Sparse Binary Polynomial Hashing
We discussed sparse binary polynomial hashing, or SBPH, briefly in Chapter 6. Now we’ll take a closer look at the tokenizing approach implemented as part of SBPH to see what has made it a very successful approach for full-featured language classifiers. Its most basic definition, as outlined at the MIT Spam Conference in 2003, is as follows:
Sparse Binary Polynomial Hashing (SBPH) is a way to create a lot of distinctive features from an incoming text. The goal is to create a LOT of features, many of which will be invariant over a large body of spam (or nonspam).

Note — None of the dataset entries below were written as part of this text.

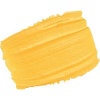 Golden Acrylic Bottle Fluid - Primary Yellow Photo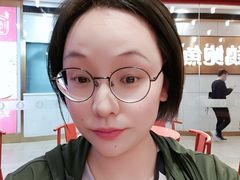 -喜家德虾仁水饺(长泰广场店)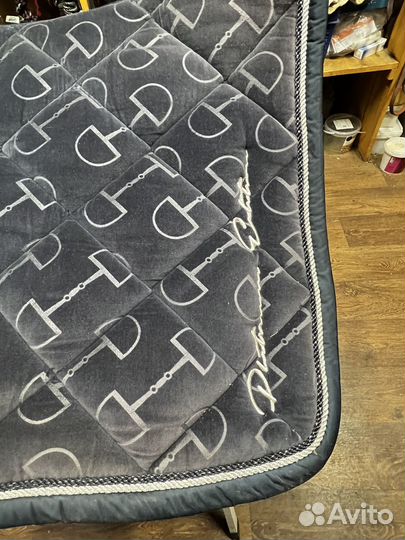 Вальрап конкур eskadron коллекция heritage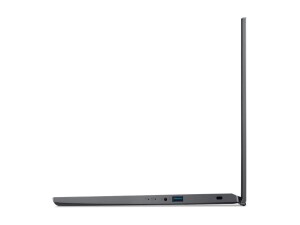 Acer Extensa 15 EX215-55 - Intel Core i5 1235U / 1.3 GHz - ESHELL - Intel Iris Xe Grafikkarte - 16 GB RAM - 512 GB SSD - 39.6 cm (15.6")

SBPH is similar to chained tokens in that it identifies different concepts within the text, but it also goes beyond the capabilities of chained tokens to identify sparse phrases and lexical data. The general concept of SBPH, according to its author, Bill Yerazunis, is to “break the incoming text into short phrases from one to five words each.” As further explained in the SBPH white paper,
A phrase can have words in the middle of the phrase skipped (e.g. “BUY <skip_word> ONLINE NOW!!!” is always a bad sign.), and more than one phrase can use the same word. You can’t change the order of the words, but you _can_ bridge across newlines, punctuation, etc. Make all the phrases you can make.
For example, the phrase
An uncommon offer for an
would be tokenized by SBPH into the following set of tokens:
An
An uncommon
An <skip> offer
An uncommon offer
An <skip> <skip> for
An uncommon <skip> for
An uncommon offer for
An <skip> <skip> <skip> an
An uncommon <skip> <skip> an
An <skip> offer <skip> an
An uncommon offer <skip> an
An <skip> <skip> for an
An uncommon <skip> for an
An <skip> offer for an
An uncommon offer for an
These phrases, once tokenized, are inserted into the dataset in a fashion similar to that used in standard Bayesian analysis. The total number of times each phrase has appeared in each corpus is calculated, and the most interesting phrases are used in the final calculation. CRM114 uses 64-bit hashes to convert plain-text tokens into a numeric hash. The complete process can be summed up into three steps:
Slide a window N words long over the incoming text.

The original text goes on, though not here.